And lets not get started on the evolution of henotheism to monolatry to finally, monotheism, and how Israel's hope of political independence from Babylon and Assyria drove such a development. We'll have to get together and talk about that sometimes as well as various archaic images of "Yahweh" found in the oldest strata of the OT, compared with later imagery.
I would be interested in reading your book. I'm not much of a philosopher and not a great Christian (but I do believe), but I read your story on your website and was interested.
I don't want it free (I've done well at business and can pay for it).

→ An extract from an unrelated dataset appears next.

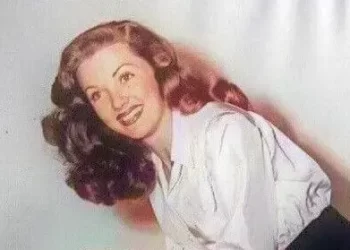Phyllis Coates, the First Lois Lane on Television, Dies at 96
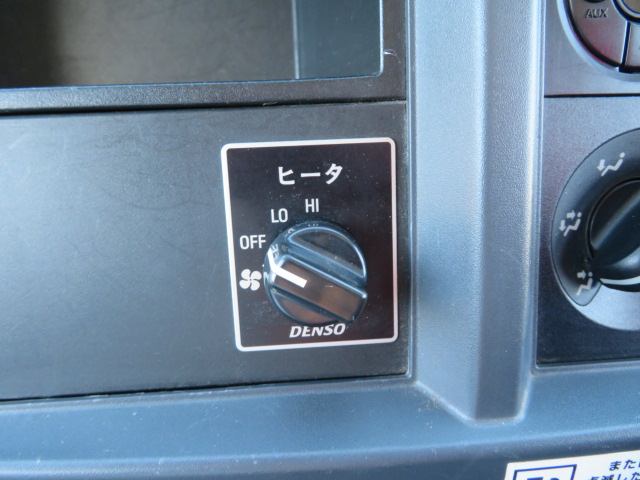 いすゞエルフダブルキャブ（Wキャブ）小型（2t・3t）[写真19]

What does it take for a text to be divinely inspired? The answer to that seems obvious, along the lines of asking what it takes for a book to be authored by Stephen King. "Did Stephen King write it?" Similarly, "Was it inspired by the Divine? Was it guided by a Divine hand to communicate something from God?"
The problem with the answer to that is it pulls the rug out from a lot of common expectations. Should we expect the science and cosmology in the book to be accurate? The answer seems to be yes, if we expect the divine to teach us science - but why should we expect that? Should we expect rapt and complete rules for living life? The answer is similar.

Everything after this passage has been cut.